彼女から、「実は離婚しようと思ってて、具体的な話もした」という衝撃的な発言を聞いた。子供が二人いて、旦那さんも優しくお金もあり、傍目には円満で何も問題のないような家庭に見えていたからだ。
話を聞くと、外からでは見えない色々な問題を抱えていた。ただ子供もいるので、自分が我慢するしかないと思って生活していたようだ。そんな彼女に決断させたのは、第二子妊娠中に見つかった病気がきっかけだった。幸い早期発見だったこともあり現在は健康上の問題は無いのだが、今も将来的な再発のリスクを抱えている。
まだまだ気持ちは若いと思っている私たちだが、年々病気のリスクは上がっていき、時には命に関わる選択を迫られることもある。

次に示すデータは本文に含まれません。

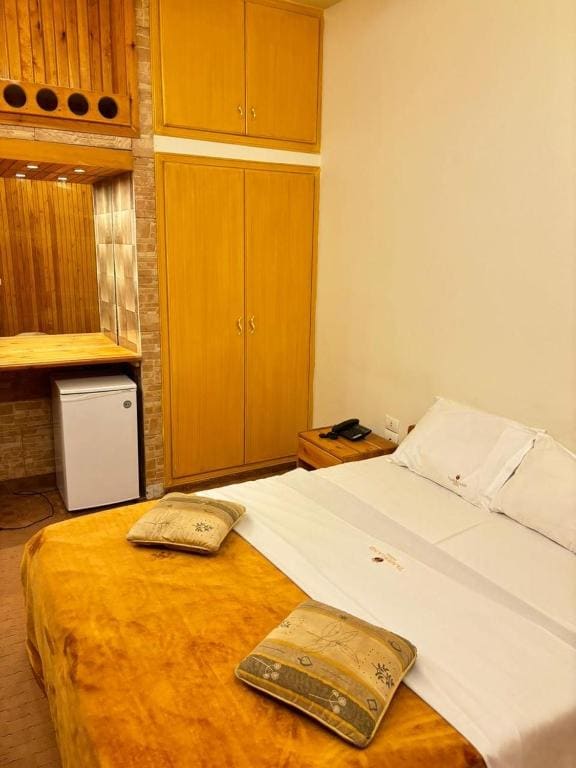 Deluxe Double Room room - Image 3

彼女はそれを実体験として感じた時、もしかしたら数年後に終わるかもしれない人生を、このまま不満を抱えて終わりたく無いと思ったという。
私たちはついつい日々を無為に過ごしてしまう。
もしかしたら明日、このいのちが尽きる可能性もゼロでは無いのに、だ。
しかし毎日を、日々世界に感謝して生きる事ができるほどピュアな年齢でもなくなってしまった。
こころの奥底では考えている、明日死んだら後悔しないか。
それでもその考えを元に行動して生きることができるほど、仕事も楽じゃないし、人間関係も複雑だし、大変な世の中にみんな生きている。
どう死んでいくかは、どう生きたか。
明日人生の終わりが来た時、わたしは全力でこの人生を生きたと言えるのか。
2019年冬、決戦の時は着々と近づいて来ていた。